Я уже поднял руку, собираясь замахнуться и бросить зажатый в кулаке кусок в человека, но вдруг этот кусок из кулака выронился и упал на землю, разваливаясь, а мою кисть обожгла резкая тяжёлая боль. Тут же боль прожгла и моё плечо, вдавливаясь в лопаточную кость.
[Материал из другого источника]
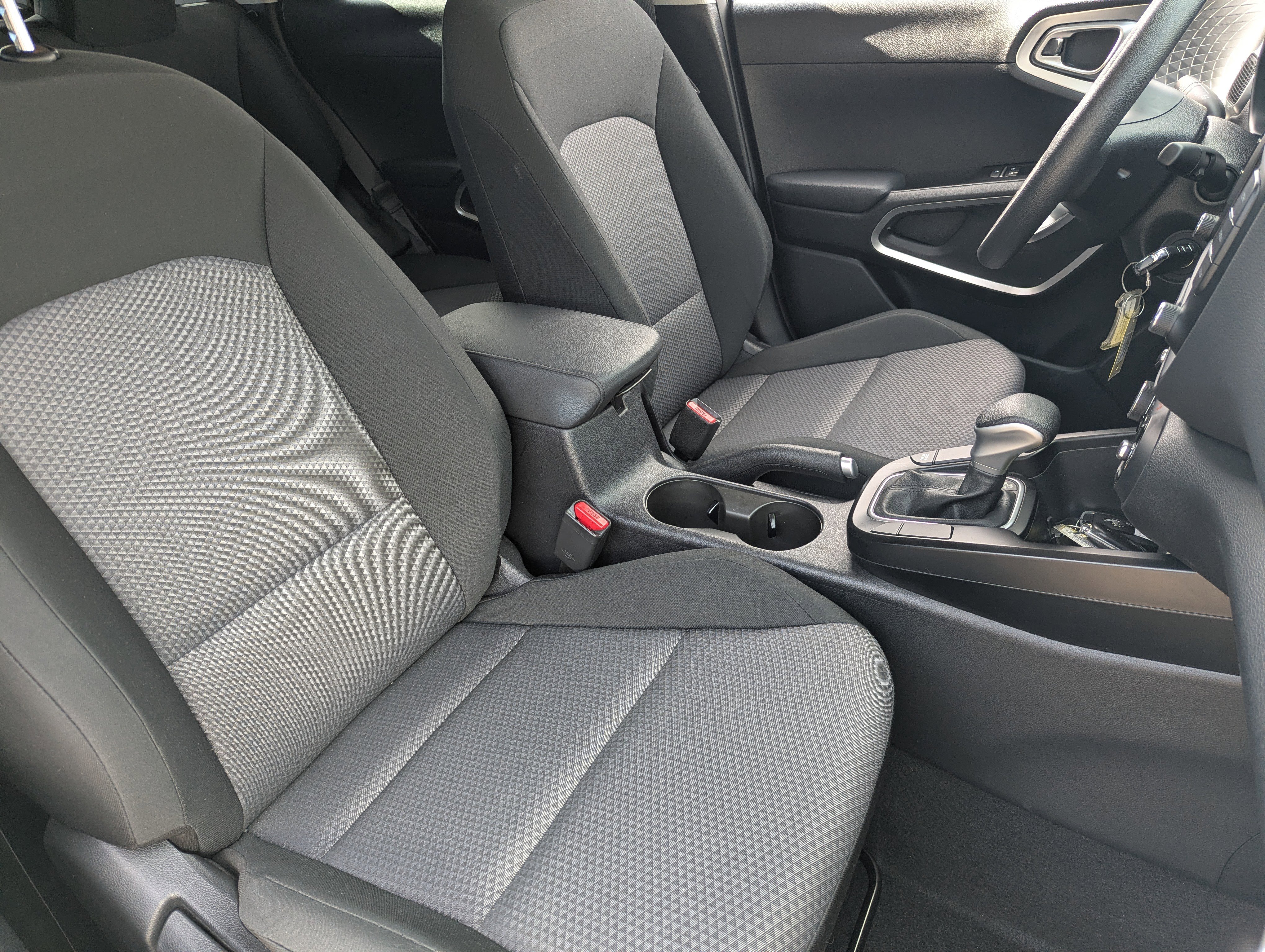 Certified 2025 Kia Soul S image 8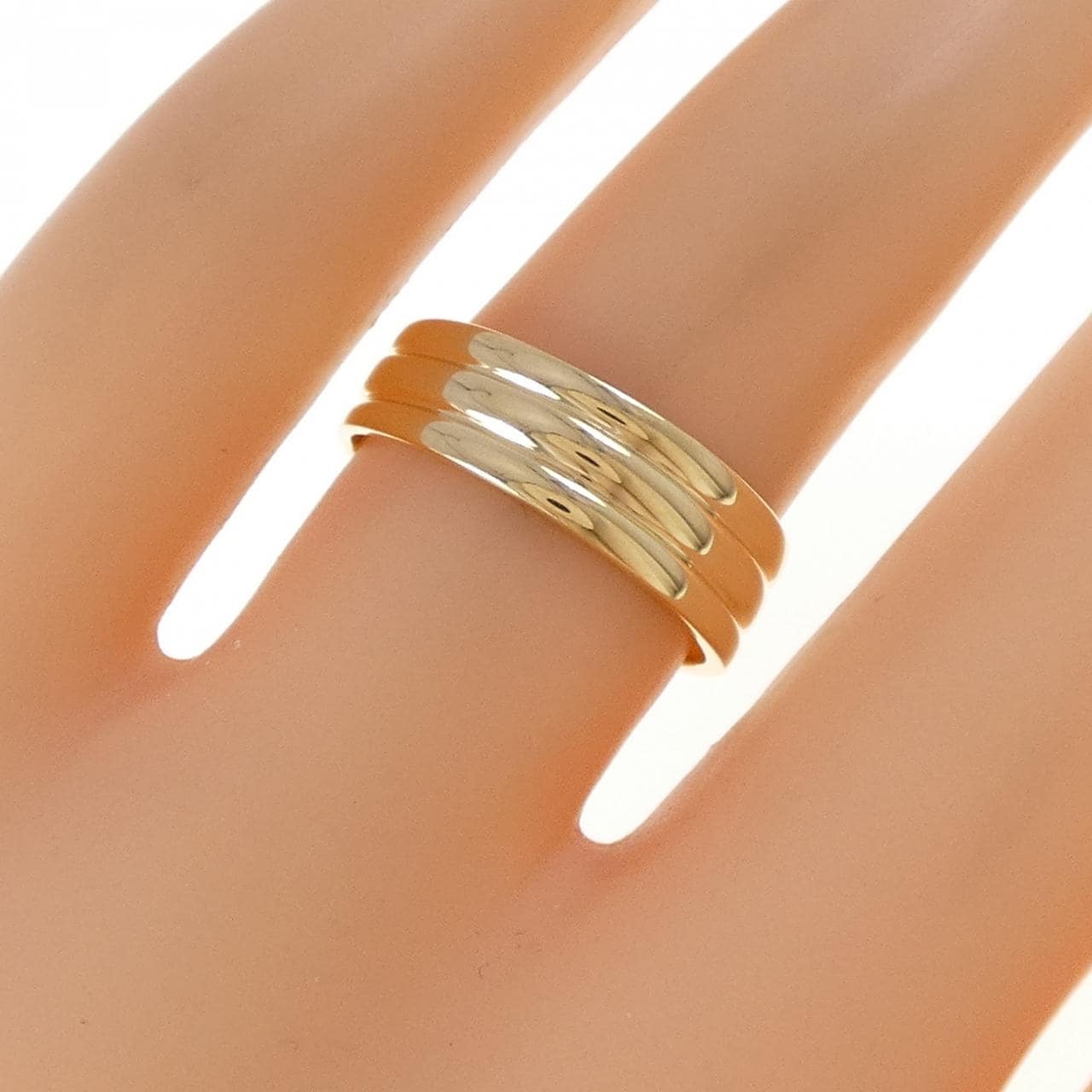 K18YG ring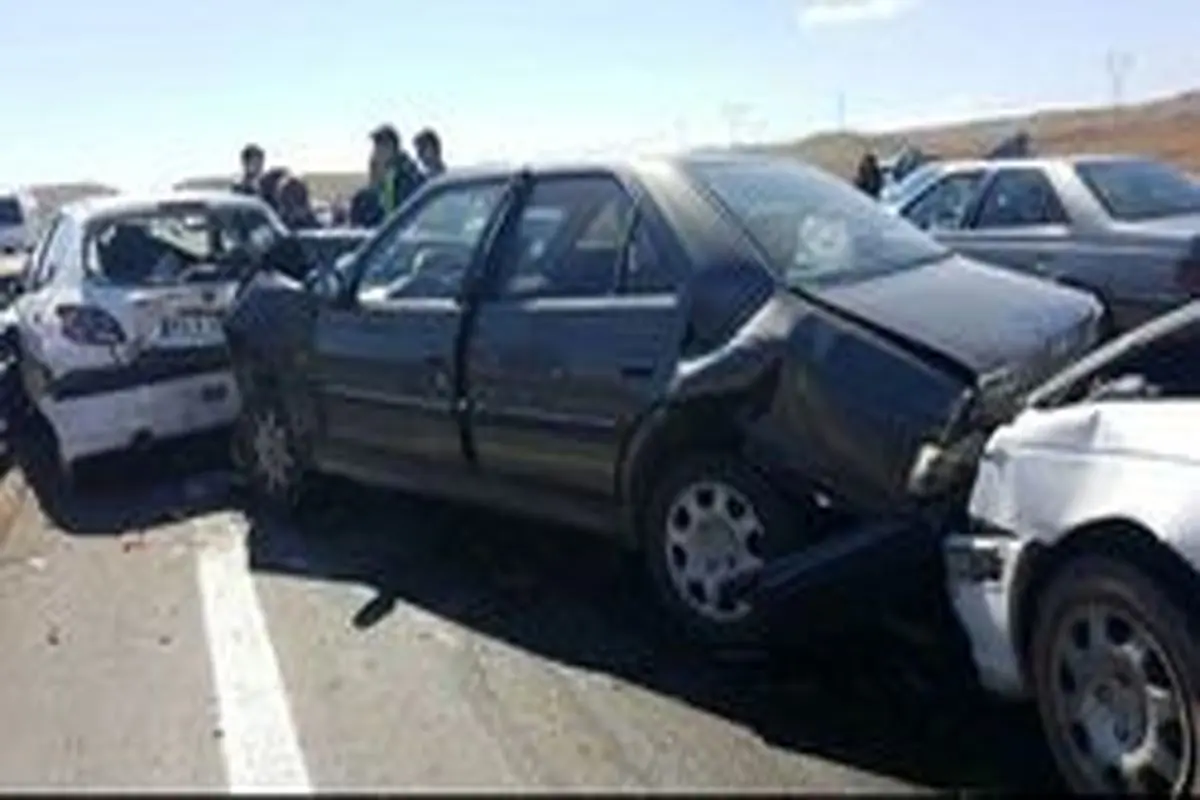 تصاویری از تصادف ۸۰ خودرو در شیراز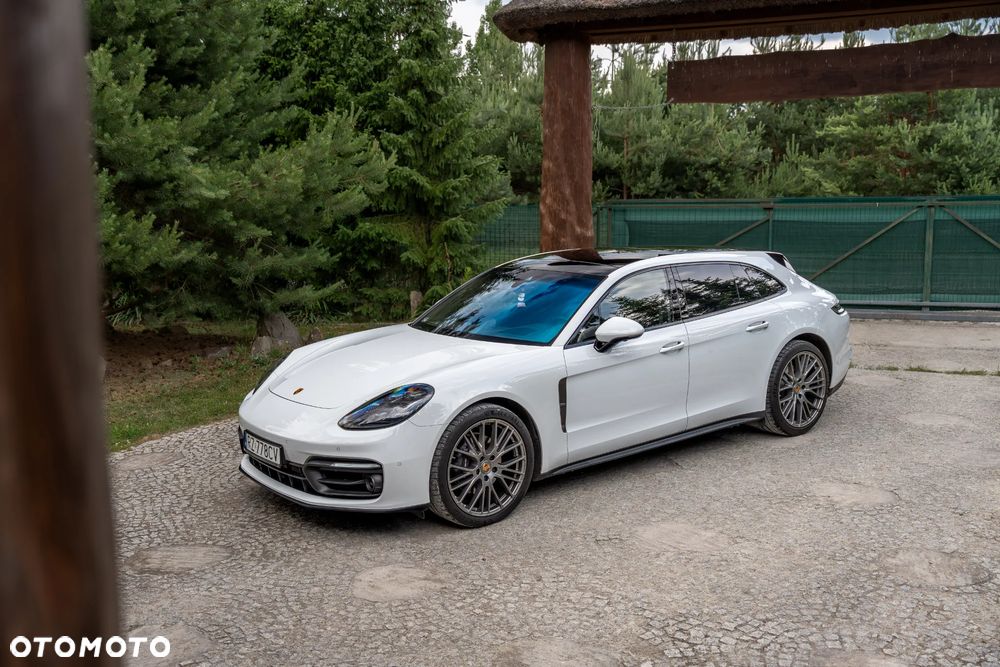 Porsche Panamera 4 Platinum Edition - 4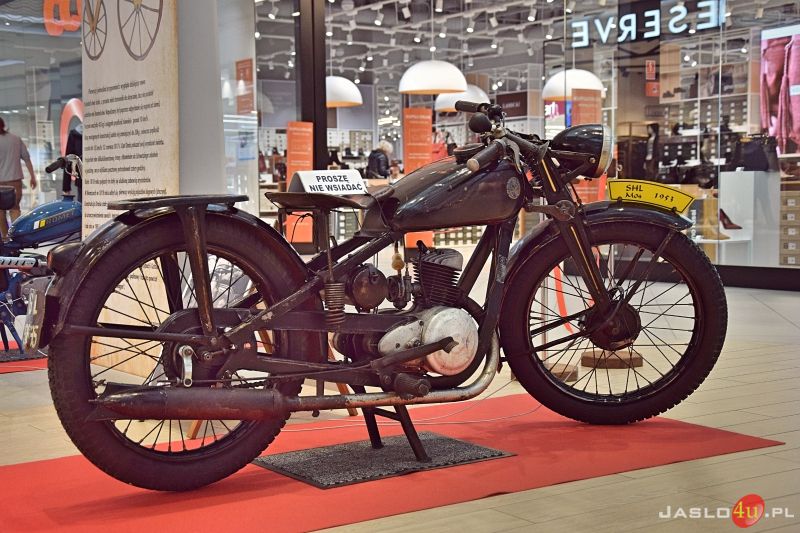 Wystawa zabytkowych motocykli w galerii VIVO! Krosno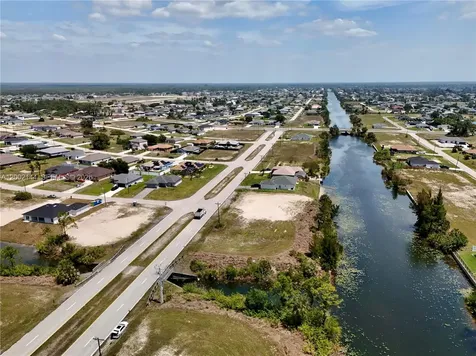 900 Vogiantzis Parkway Cape Coral FL 33909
Ещё не успев заплакать, я повернулся и увидел свою мать. В руке у неё был прут из тугой не свежей, но и не вконец просохшей лозы. Я его сразу узнал: его ставили у нас у крыльца и пользовались для выпроваживания на пастьбу из домашнего скотного загона коровы и полугодовалого бычка. Теперь мать готовилась огреть меня им снова и не решилась на это только из-за того, что удар пришёлся бы прямо мне по лицу.
Я утирал слёзы и слышал, как мать в исступлении хлещет лозиной каждого из мальчишек, до которых могла и успевала дотянуться. Раздались крики, всхлипы.
Гулкий собачий лай к этому времени уже сплошь нависал над селом. Ребята бросились врассыпную.
– Убирайтесь! Чёртовы пособники! Зверьё! Негодяи! – надсадно кричала вдогонку им моя родительница, размахивая палкой и притопывая. Такой возбуждённой и рассвирепевшей я никогда раньше её не видел.
– И как не стыдно! У, дряни! – говорила она, подходя ко мне, оцепеневшему и даже не пытавшемуся убегать.
Я увидел, как она сделала жест, будто хочет отбросить от себя палку, но раздумала, видимо, вспомнив, что надо отнести её на место у крыльца, и только взяла её, чтобы держать, в другую, в левую руку и, всё ещё находясь во власти крайнего раздражения, резко, в сердцах, стукнула уголками своих суховатых, огрубелых от нескончаемой физической работы пальцев освободившейся правой руки по верху моей головы и ещё протянула ими по ней. На этом месте я почувствовал мокрость от выступившей на коже сукровицы. От сильной жгущей боли я буквально взвыл.